→ WHAT THE EXERCISE ASKS:
Would you please restate every record exactly as written?

→ Extracted records:
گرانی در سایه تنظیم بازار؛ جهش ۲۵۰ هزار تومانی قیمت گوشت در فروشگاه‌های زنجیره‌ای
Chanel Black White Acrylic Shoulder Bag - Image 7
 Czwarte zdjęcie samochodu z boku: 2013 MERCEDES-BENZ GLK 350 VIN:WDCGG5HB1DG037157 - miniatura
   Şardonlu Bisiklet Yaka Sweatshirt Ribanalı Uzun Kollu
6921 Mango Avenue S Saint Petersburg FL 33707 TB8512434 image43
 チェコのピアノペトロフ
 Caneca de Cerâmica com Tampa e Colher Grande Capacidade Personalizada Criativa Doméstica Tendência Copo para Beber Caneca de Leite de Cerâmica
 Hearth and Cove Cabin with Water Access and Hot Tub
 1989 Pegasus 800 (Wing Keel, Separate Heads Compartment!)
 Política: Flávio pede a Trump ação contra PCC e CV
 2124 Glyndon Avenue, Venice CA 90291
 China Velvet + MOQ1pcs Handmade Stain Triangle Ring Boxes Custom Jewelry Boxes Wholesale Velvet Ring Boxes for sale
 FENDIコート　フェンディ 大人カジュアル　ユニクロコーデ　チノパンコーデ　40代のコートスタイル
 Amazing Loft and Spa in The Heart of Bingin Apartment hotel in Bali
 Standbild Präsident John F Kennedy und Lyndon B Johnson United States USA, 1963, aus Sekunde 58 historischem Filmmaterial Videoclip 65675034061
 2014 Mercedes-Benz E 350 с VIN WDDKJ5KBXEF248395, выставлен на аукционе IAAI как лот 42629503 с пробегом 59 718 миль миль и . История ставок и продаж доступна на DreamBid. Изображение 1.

→ WRITTEN REPLY:
گرانی در سایه تنظیم بازار؛ جهش ۲۵۰ هزار تومانی قیمت گوشت در فروشگاه‌های زنجیره‌ای
Chanel Black White Acrylic Shoulder Bag - Image 7
 Czwarte zdjęcie samochodu z boku: 2013 MERCEDES-BENZ GLK 350 VIN:WDCGG5HB1DG037157 - miniatura
   Şardonlu Bisiklet Yaka Sweatshirt Ribanalı Uzun Kollu
6921 Mango Avenue S Saint Petersburg FL 33707 TB8512434 image43
 チェコのピアノペトロフ
 Caneca de Cerâmica com Tampa e Colher Grande Capacidade Personalizada Criativa Doméstica Tendência Copo para Beber Caneca de Leite de Cerâmica
 Hearth and Cove Cabin with Water Access and Hot Tub
 1989 Pegasus 800 (Wing Keel, Separate Heads Compartment!)
 Política: Flávio pede a Trump ação contra PCC e CV
 2124 Glyndon Avenue, Venice CA 90291
 China Velvet + MOQ1pcs Handmade Stain Triangle Ring Boxes Custom Jewelry Boxes Wholesale Velvet Ring Boxes for sale
 FENDIコート　フェンディ 大人カジュアル　ユニクロコーデ　チノパンコーデ　40代のコートスタイル
 Amazing Loft and Spa in The Heart of Bingin Apartment hotel in Bali
 Standbild Präsident John F Kennedy und Lyndon B Johnson United States USA, 1963, aus Sekunde 58 historischem Filmmaterial Videoclip 65675034061
 2014 Mercedes-Benz E 350 с VIN WDDKJ5KBXEF248395, выставлен на аукционе IAAI как лот 42629503 с пробегом 59 718 миль миль и . История ставок и продаж доступна на DreamBid. Изображение 1.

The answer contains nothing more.